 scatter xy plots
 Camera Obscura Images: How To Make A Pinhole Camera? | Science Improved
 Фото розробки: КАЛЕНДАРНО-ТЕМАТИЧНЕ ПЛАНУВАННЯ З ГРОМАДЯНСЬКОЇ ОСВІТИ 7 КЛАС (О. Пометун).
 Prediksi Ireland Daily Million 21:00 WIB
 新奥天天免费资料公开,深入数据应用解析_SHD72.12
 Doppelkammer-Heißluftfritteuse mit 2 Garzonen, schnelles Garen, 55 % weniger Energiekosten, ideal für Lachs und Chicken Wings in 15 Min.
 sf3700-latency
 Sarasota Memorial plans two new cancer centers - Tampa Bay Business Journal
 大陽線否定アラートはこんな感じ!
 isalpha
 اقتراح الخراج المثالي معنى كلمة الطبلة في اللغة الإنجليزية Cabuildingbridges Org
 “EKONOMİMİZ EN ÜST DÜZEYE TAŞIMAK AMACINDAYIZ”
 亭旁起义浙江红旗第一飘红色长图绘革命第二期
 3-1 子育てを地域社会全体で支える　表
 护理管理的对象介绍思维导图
-=-=-=-=-
- Aim of the task: The records above are to be restated word for word, in full.

- Answer space:
 scatter xy plots
 Camera Obscura Images: How To Make A Pinhole Camera? | Science Improved
 Фото розробки: КАЛЕНДАРНО-ТЕМАТИЧНЕ ПЛАНУВАННЯ З ГРОМАДЯНСЬКОЇ ОСВІТИ 7 КЛАС (О. Пометун).
 Prediksi Ireland Daily Million 21:00 WIB
 新奥天天免费资料公开,深入数据应用解析_SHD72.12
 Doppelkammer-Heißluftfritteuse mit 2 Garzonen, schnelles Garen, 55 % weniger Energiekosten, ideal für Lachs und Chicken Wings in 15 Min.
 sf3700-latency
 Sarasota Memorial plans two new cancer centers - Tampa Bay Business Journal
 大陽線否定アラートはこんな感じ!
 isalpha
 اقتراح الخراج المثالي معنى كلمة الطبلة في اللغة الإنجليزية Cabuildingbridges Org
 “EKONOMİMİZ EN ÜST DÜZEYE TAŞIMAK AMACINDAYIZ”
 亭旁起义浙江红旗第一飘红色长图绘革命第二期
 3-1 子育てを地域社会全体で支える　表
 护理管理的对象介绍思维导图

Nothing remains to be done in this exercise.